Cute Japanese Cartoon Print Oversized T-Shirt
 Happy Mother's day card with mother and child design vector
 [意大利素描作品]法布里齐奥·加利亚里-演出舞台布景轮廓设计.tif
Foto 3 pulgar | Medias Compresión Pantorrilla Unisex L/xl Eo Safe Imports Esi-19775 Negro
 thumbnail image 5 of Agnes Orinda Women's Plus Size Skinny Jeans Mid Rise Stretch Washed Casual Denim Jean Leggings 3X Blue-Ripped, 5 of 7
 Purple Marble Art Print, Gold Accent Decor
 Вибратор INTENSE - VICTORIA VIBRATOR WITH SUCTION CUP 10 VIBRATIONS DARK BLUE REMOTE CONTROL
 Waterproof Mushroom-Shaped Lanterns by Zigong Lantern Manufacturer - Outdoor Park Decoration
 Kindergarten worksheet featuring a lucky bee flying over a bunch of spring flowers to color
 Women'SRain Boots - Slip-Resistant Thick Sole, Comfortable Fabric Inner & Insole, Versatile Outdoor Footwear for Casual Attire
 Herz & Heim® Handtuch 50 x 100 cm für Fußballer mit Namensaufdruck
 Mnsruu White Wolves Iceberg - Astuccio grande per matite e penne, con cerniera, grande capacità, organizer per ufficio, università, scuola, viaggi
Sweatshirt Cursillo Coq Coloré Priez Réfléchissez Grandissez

=== TO DO ===
After reading the records above, transcribe them verbatim.

=== OUTPUT FOR THIS EXERCISE ===
Cute Japanese Cartoon Print Oversized T-Shirt
 Happy Mother's day card with mother and child design vector
 [意大利素描作品]法布里齐奥·加利亚里-演出舞台布景轮廓设计.tif
Foto 3 pulgar | Medias Compresión Pantorrilla Unisex L/xl Eo Safe Imports Esi-19775 Negro
 thumbnail image 5 of Agnes Orinda Women's Plus Size Skinny Jeans Mid Rise Stretch Washed Casual Denim Jean Leggings 3X Blue-Ripped, 5 of 7
 Purple Marble Art Print, Gold Accent Decor
 Вибратор INTENSE - VICTORIA VIBRATOR WITH SUCTION CUP 10 VIBRATIONS DARK BLUE REMOTE CONTROL
 Waterproof Mushroom-Shaped Lanterns by Zigong Lantern Manufacturer - Outdoor Park Decoration
 Kindergarten worksheet featuring a lucky bee flying over a bunch of spring flowers to color
 Women'SRain Boots - Slip-Resistant Thick Sole, Comfortable Fabric Inner & Insole, Versatile Outdoor Footwear for Casual Attire
 Herz & Heim® Handtuch 50 x 100 cm für Fußballer mit Namensaufdruck
 Mnsruu White Wolves Iceberg - Astuccio grande per matite e penne, con cerniera, grande capacità, organizer per ufficio, università, scuola, viaggi
Sweatshirt Cursillo Coq Coloré Priez Réfléchissez Grandissez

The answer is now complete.